Nel 1964 Gianni sta per avere un figlio. Un figlio che non ha voluto. È stata sua moglie a incastrarlo. Gli aveva detto che prendeva la pillola, appena arrivata dall’America. E invece niente. È incinta. Gli tocca rinunciare a tutto. Soprattutto al suo lavoro di guida alpina, che lei ha sempre detestato, ritenendolo pericoloso. È in piedi vicino alla sua Primula Autobianchi, la prima macchina italiana a trazione interiore, che ha fortemente voluto perché così può affrontare meglio i tornanti ghiacciati dolomitici, e riflette. Poi torna a casa, fa l’amore come da tempo non succedeva con la sua Alessia e svanisce per tre anni. Finisce in Sudamerica… Nel 1978 Teo invece è un ragazzo che si vergogna di spogliarsi per fare un bagno nelle acque montane insieme alla ragazza che gli piace, e non tanto per la sua erezione evidente quanto perché ha i piedi palmati. Ma la giovane sdrammatizza. Anche un altro ragazzo del gruppo ha lo stesso problema. Proprio quello che lui odia… Vent’anni dopo Teo ha un’avviata carriera alla omicidi del distretto di Torino, ma deve tornare sulle sue Dolomiti natie perché la madre sta morendo. Però…

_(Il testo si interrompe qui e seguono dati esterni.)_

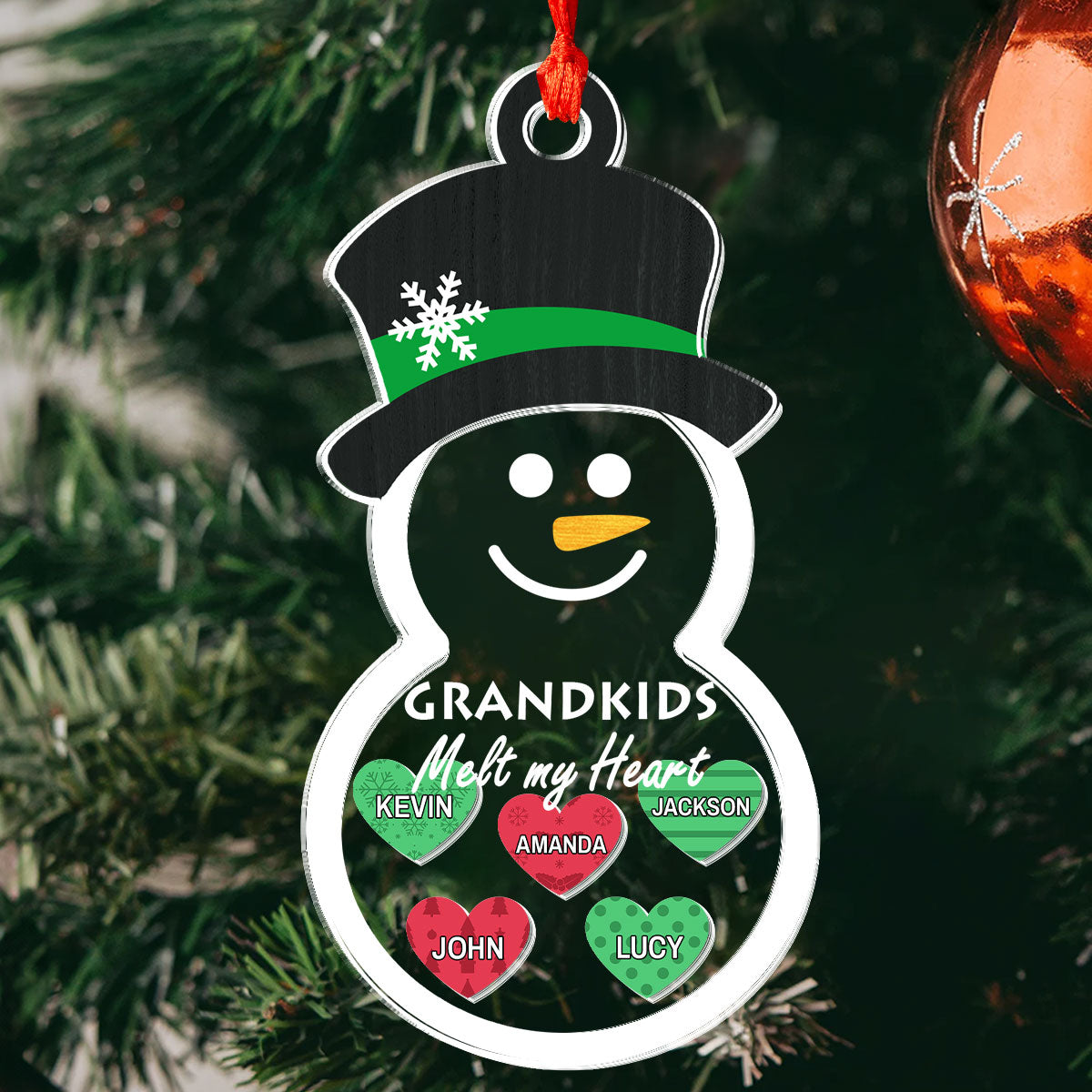 Grandkids Melt My Heart - Personalized 3 Layered Christmas Shaker Ornament FCCSOLEHA2757TA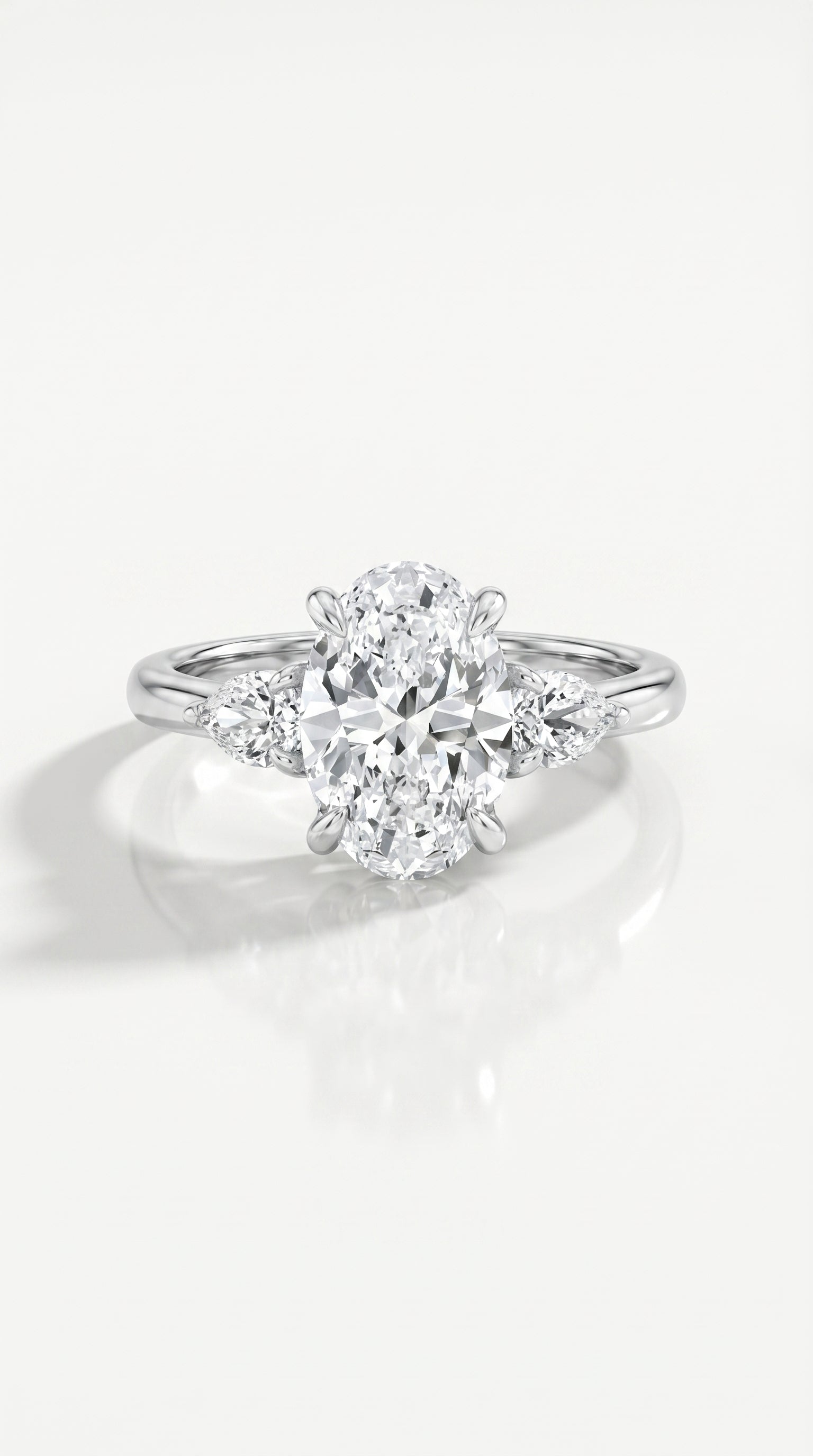 Levendi Classic Trilogy - Oval & Pear Side Engagement Ring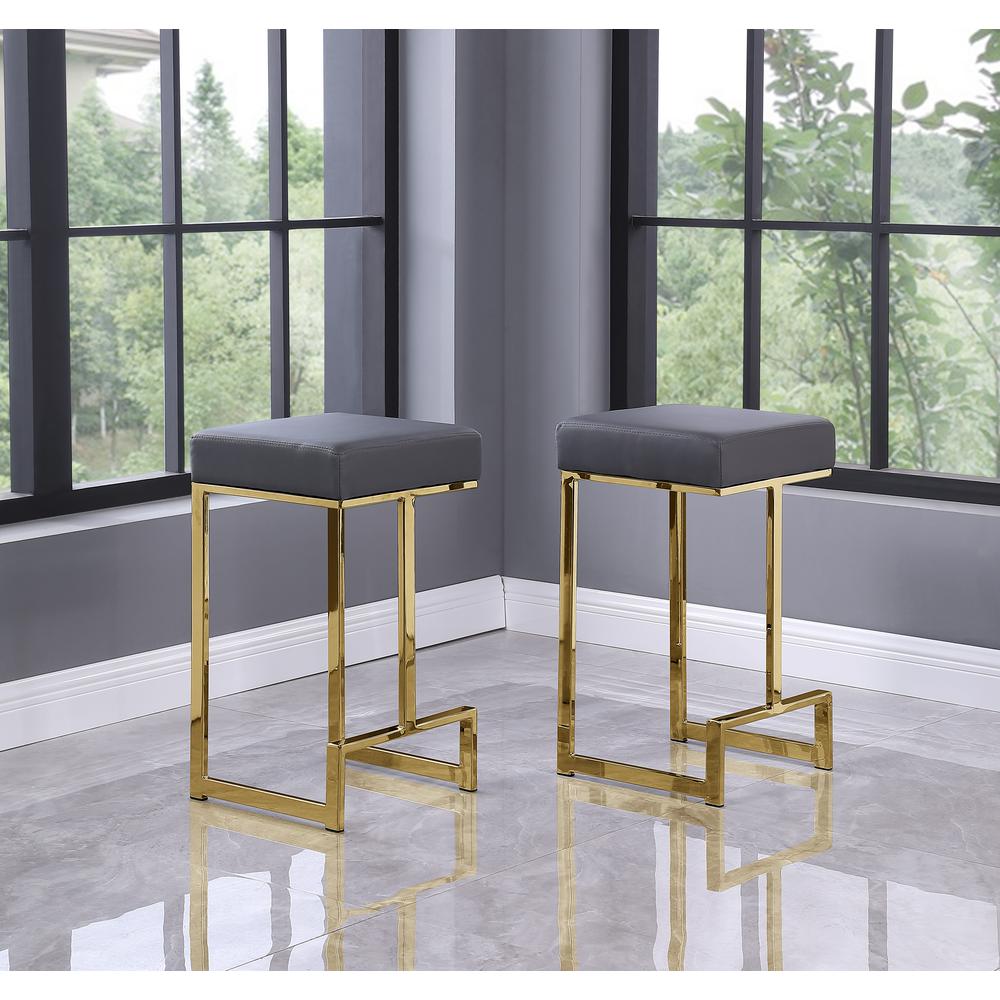 Dorrington Faux Leather Backless Counter Height Stool in Gray/Gold (Set of 2). Picture 2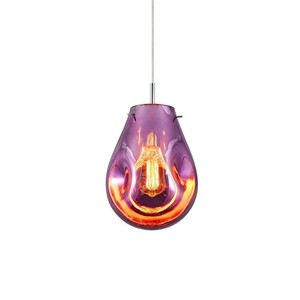 Lámpara Colgante Moderna de Cristal Ovalado, LED E27, Luz Blanca Cálida, para Hogar, Dormitorio, Comedor, Diseño de Una Sola Cabeza - Product Image 3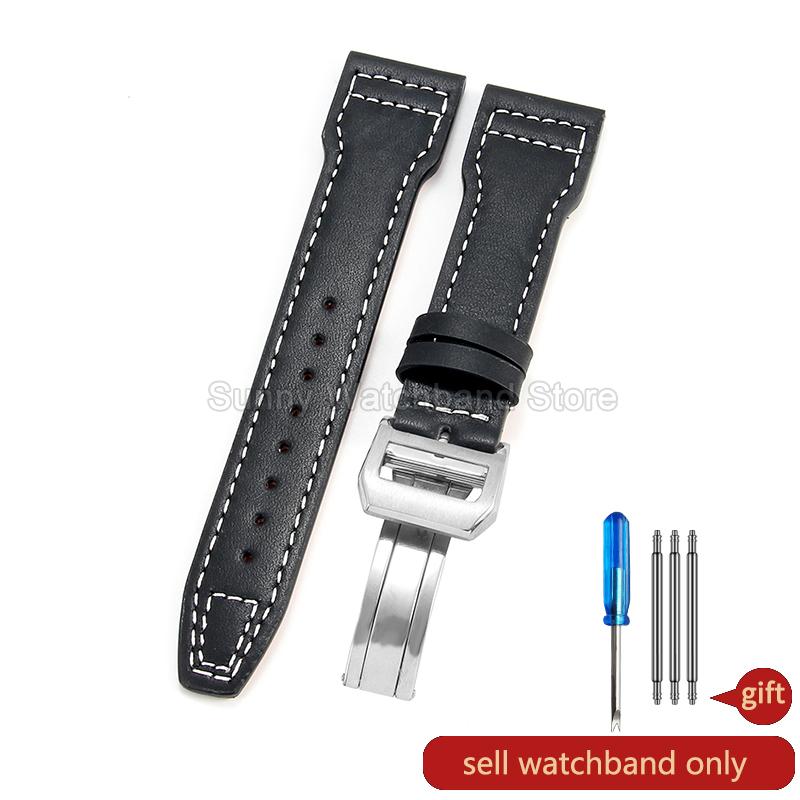 Coffee Black 20 21 22mm for IWC Portofino Le Petit Prince Portugieser Cowhide Watch Band Special Interface Needle Buckle Durable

Molto ben congegnato, caratterizzato da un bel ritmo cinematografico, da una cura non comune, da un lessico chiaro e da una prosa elegante e simbolica (si pensi all’importante presenza di un lupo albino: naturalmente, però, sono vietati gli spoiler), priva di sterili virtuosismi e assai piacevole a leggersi, che bilancia numerosi livelli di lettura e altrettante chiavi di interpretazione in maniera riuscita conducendo il lettore per mano saldamente nello spazio e nel tempo attraverso l’intreccio delle varie linee narrative, In vetta al mondo di Roberta Melli è la storia di Teo. Che tornando a casa dopo molti anni, dall’altro lato dell’arco alpino rispetto a quello in cui ormai risiede da tempo, incontra una ragazza. È bellissima. È mulatta. Vive in Svizzera. Come potrebbe non nascere una forte attrazione? La relazione è appassionata, ma come sempre la vita si diverte a giocare con l’esistenza degli uomini, microscopiche pedine dinnanzi all’infinito: la quiete è solo l’anticamera, infatti, della tempesta. Nella fattispecie si tratta di un omicidio, e dell’avvio di un’indagine complessa che coinvolge anche i cartelli della droga del Sudamerica. Interessante.